+++ SUPPLIED DATA +++

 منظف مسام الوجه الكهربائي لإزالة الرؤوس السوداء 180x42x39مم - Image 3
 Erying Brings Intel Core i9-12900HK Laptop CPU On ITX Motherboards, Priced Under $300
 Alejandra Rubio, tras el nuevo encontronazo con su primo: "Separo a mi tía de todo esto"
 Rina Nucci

+++
+++ SUPPLIED DATA +++

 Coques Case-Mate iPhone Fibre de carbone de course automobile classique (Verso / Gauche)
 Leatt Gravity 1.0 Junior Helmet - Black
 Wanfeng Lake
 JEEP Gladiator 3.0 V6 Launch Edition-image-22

+++

- _WHAT TO DO_: From the entries above, return exactly the line containing "Coques Case-Mate iPhone", the line containing "JEEP Gladiator 3.0", and all lines between, and nothing else.

- _RESPONSE TO THE EXERCISE_:
 Coques Case-Mate iPhone Fibre de carbone de course automobile classique (Verso / Gauche)
 Leatt Gravity 1.0 Junior Helmet - Black
 Wanfeng Lake
 JEEP Gladiator 3.0 V6 Launch Edition-image-22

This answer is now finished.